Isaac Asimov (January 2, 1920 – April 6, 1992) liked one of his stories above all others – more than the 500 or so stories he wrote or edited, including the bestselling I, Robot, the Foundation series and Lecherous Limericks. The story is The Last Question. First published in the November 1956 issue of Science Fiction Quarterly, the short story tells of the ability of humankind to cope with and potentially reverse the process of entropy.
In 1975, Asminov wrote of The Last Question:
Why is it my favorite?
For one thing I got the idea all at once and didn’t have to fiddle with it; and I wrote it in white-heat and scarcely had to change a word. This sort of thing endears any story to any writer.
Then, too, it has had the strangest effect on my readers. Frequently someone writes to ask me if I can give them the name of a story, which they think I may have written, and tell them where to find it. They don’t remember the title but when they describe the story it is invariably ‘The Last Question’. This has reached the point where I recently received a long-distance phone call from a desperate man who began, “Dr. Asimov, there’s a story I think you wrote, whose title I can’t remember—” at which point I interrupted to tell him it was ‘The Last Question’ and when I described the plot it proved to be indeed the story he was after. I left him convinced I could read minds at a distance of a thousand miles.
The story embraces ideas of God and creation, the scientific and the spiritual. Asimov explained his outlook on life:
Have I told you that I prefer “rationalism” to “atheism”? The word “atheist,” meaning “no God,” is negative and defeatist. It says what you don’t believe and puts you in an eternal position of defense. “Rationalism” on the other hand states what you DO believe; that, that which can be understood in the light of reason.
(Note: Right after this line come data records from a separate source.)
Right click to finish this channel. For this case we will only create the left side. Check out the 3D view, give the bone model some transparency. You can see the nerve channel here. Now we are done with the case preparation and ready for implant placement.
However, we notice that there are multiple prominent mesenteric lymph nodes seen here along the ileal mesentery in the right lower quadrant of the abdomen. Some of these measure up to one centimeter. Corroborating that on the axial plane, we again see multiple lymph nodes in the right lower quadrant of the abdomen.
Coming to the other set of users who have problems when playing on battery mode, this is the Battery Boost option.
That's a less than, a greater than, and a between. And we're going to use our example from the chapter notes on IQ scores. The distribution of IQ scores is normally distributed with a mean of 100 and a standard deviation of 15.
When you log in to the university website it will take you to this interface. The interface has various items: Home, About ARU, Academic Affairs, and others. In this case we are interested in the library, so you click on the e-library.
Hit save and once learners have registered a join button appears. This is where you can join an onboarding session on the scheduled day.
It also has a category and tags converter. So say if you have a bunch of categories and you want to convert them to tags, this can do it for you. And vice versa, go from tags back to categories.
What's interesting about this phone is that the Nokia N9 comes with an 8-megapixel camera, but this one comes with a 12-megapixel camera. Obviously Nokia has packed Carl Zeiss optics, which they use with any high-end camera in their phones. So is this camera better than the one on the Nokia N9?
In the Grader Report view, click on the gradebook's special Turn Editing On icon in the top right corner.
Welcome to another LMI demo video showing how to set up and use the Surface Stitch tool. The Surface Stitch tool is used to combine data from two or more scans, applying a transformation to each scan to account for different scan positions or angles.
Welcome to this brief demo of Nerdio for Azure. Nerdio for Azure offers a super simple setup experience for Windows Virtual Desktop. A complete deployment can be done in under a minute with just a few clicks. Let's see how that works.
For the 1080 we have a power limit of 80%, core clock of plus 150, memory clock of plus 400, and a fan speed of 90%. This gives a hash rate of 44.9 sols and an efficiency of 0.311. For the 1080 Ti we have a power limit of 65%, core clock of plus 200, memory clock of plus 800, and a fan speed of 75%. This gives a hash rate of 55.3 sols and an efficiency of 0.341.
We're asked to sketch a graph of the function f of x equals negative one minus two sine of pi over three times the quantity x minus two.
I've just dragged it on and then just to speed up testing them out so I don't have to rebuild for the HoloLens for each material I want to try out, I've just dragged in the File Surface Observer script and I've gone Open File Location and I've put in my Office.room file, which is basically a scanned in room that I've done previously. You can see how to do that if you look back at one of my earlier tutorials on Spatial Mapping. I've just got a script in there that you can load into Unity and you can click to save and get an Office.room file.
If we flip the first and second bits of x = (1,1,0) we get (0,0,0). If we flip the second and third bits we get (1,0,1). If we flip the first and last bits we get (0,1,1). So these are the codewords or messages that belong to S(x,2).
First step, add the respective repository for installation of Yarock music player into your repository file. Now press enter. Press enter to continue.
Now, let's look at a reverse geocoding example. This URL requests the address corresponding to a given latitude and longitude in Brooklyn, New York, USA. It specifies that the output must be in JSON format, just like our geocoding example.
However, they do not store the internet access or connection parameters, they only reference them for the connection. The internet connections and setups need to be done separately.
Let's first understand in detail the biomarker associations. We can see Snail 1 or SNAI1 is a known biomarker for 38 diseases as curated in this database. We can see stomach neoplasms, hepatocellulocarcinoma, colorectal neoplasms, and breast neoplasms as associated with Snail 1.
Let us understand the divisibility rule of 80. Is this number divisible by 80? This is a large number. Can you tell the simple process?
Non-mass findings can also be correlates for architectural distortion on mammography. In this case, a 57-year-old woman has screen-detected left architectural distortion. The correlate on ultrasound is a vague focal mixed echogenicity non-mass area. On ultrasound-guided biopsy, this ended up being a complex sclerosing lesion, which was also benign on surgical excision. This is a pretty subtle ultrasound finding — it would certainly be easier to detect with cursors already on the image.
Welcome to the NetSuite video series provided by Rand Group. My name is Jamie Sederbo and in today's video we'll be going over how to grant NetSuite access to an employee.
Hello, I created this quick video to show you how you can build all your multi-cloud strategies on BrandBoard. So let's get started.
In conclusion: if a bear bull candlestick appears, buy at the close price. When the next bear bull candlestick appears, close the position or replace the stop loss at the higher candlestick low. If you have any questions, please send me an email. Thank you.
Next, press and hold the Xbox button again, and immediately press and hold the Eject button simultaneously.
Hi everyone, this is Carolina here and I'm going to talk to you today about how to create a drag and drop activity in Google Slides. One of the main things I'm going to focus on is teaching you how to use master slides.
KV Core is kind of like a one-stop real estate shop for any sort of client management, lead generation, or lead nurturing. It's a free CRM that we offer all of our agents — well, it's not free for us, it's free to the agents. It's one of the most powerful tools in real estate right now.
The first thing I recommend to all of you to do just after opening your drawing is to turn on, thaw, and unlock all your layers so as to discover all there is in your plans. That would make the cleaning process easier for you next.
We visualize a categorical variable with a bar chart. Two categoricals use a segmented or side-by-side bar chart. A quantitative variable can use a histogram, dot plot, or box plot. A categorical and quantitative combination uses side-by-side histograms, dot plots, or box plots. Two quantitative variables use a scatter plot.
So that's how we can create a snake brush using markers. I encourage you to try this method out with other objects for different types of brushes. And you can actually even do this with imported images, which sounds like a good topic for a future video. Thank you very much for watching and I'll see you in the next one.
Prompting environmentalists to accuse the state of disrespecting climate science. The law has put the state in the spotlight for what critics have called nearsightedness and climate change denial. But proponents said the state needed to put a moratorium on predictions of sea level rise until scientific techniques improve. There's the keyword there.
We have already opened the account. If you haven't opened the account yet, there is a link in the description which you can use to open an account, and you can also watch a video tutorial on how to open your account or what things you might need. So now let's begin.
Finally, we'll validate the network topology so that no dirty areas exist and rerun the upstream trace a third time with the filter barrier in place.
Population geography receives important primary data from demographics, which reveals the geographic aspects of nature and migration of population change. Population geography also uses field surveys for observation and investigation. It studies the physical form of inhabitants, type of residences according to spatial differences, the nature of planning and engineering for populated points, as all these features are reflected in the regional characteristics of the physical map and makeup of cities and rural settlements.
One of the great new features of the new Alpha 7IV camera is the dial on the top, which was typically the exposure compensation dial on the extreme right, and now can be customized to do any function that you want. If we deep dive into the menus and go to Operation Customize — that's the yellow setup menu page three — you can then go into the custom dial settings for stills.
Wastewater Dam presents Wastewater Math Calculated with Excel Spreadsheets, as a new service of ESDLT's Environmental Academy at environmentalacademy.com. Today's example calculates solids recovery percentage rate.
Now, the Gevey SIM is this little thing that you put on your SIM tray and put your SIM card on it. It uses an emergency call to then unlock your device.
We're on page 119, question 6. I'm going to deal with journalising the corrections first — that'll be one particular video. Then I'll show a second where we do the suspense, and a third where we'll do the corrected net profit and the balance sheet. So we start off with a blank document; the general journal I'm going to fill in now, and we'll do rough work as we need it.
The question of God and other mystical objects-of-faith are outside reason and therefore play no part in rationalism and you don’t have to waste your time in either attacking or defending that which you rule out of your philosophy altogether.
In the video below, Leonard Nimoy (March 26, 1931 – February 27, 2015) reads The Last Question aloud for an adaptation held at Michigan State University’s Abrams Planetarium in 1966. It was this production that first made Asimov think of The Last Question as his best short story.
And Nimoy is the ideal reader, bet kn own for playing Spock on Star Trek, is the ideal person to read it. A 1967 Time magazine profile says Asimov passed his time “batting out books on a new electric typewriter, emerging only occasionally to watch Star Trek (his favorite TV show)” – he went on to become an advisor to the show.